Andrew Whitley’s ‘Bread Matters’ has some incredibly simple ideas for your daily loaf, if you’re inclined to bake your own. I’ve used that book so much that it’s quite battered now, stained with what-nots, greasy in places so it wouldn’t be a bad idea to get me a new copy for Christmas.
One of those simple recipes is the two day bread. You make the sponge with very little yeast and let it stand for up to 48 hours – it will undoubtedly pick up some wild yeast from the air and so turn in part a sourdough. This long proving gives bread better flavour, there’s no question about it. Just think and compare supermarket bread which they make in, like, five minutes including the baking.
The dough can be left well alone, just shaped into a loaf without any additions but it’s also very well suited to become a flavoured loaf.

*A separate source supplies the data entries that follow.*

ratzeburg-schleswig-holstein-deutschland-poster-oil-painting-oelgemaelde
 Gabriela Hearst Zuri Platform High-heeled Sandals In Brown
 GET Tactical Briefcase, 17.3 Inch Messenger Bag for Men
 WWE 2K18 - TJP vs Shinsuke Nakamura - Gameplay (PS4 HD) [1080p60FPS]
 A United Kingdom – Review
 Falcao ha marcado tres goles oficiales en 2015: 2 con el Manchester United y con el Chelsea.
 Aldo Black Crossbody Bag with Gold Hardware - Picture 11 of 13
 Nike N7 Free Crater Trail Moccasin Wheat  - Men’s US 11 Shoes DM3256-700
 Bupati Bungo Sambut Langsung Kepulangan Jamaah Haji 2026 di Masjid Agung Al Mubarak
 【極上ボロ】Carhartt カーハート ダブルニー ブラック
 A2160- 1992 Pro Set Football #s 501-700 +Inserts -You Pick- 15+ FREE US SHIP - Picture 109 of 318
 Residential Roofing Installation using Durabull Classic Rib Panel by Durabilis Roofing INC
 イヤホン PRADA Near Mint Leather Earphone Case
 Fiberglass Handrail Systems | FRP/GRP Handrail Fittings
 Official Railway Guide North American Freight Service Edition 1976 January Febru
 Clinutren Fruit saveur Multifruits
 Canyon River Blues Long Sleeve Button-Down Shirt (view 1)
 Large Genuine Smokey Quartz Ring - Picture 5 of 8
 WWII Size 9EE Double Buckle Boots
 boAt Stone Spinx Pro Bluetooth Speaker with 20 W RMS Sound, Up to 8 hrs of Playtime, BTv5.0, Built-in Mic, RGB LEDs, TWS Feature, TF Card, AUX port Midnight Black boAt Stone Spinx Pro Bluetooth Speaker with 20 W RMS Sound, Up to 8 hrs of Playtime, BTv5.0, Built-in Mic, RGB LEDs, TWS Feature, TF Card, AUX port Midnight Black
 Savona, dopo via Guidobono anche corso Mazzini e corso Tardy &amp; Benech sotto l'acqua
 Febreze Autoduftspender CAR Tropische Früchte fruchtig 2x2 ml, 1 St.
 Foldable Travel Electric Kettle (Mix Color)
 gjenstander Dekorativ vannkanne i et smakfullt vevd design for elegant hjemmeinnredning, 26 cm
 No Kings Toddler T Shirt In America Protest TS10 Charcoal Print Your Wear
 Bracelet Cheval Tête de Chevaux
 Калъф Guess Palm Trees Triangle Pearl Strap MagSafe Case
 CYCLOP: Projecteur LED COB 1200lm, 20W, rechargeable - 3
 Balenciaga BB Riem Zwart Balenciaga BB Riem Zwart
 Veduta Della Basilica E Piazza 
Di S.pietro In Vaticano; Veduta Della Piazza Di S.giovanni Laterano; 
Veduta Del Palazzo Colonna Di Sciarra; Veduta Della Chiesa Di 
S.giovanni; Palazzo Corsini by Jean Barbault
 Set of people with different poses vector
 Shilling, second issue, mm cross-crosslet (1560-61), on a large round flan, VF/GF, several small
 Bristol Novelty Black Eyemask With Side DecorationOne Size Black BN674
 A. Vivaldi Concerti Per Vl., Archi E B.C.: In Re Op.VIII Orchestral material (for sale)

I have simplified the instructions a little here, using sun-dried tomato paste instead of making my own mix and I added olives instead of Andrew's suggestion of onions. The possibilities are endless: sunflower seeds soaked in tamari soya sauce are one idea, I can well imagine making a topping of onions, mushrooms or even cheese or bacon. It’s just such decent bread – with or without fancy toppings.
tomato and olive bread
Servings: 1 small loafTime: 3 hours plus overnight sponge
INGREDIENTS
- For the sponge:
- 3g fresh yeast or ½ tsp fast action
- 150g water at room temperature
- 75g strong white flour or Italian type 0
- 75g wholemeal flour
- For the dough:
- 150g strong white flour
- 75g wholemeal flour
- 4g fine salt
- 15g olive oil
- 105g warm water
- For the filling:
- 3 tbsp sun-dried tomato paste mixed with 1 tbsp honey
- 10-12 black pitted olives, chopped
- 20g sun-dried tomatoes in oil, drained
METHOD
1. Prepare the sponge 16-48 hours ahead of making the bread: mix the yeast with water and stir into the flours to a soft dough. Cover and leave in ambient temperature.
2. Mix the dough with all the ingredients including the sponge which will have risen appreciably and started to collapse. Knead the dough by hand or in a standing mixer with the dough hook attachment until smooth, stretchy and not sticking to your hands or bounding off the sides of the bowl in a mixer. Cover and leave somewhere warm for an hour.
3. Butter a small loaf tin.
4. Turn the dough out onto a floured surface and roll or stretch out to a rectangle about the width of a loaf tin and twice as long. Spread the tomato paste and honey mix all over the surface, dot the sun-dried tomatoes and olives evenly on the paste and roll up as tightly as you can into a log. The rolling up will make it stretch to longer than the width of the loaf tin, so curl the ends in opposite directions so that it forms an ‘S’.
5. Drop into the buttered tin, cover and leave in a warm place for another hour. By then it should have risen to the rim of the tin.
6. Preheat the oven to 190C/375F/gas 5. Bake the loaf for 35-40 minutes, turn out on a rack and cool completely before slicing.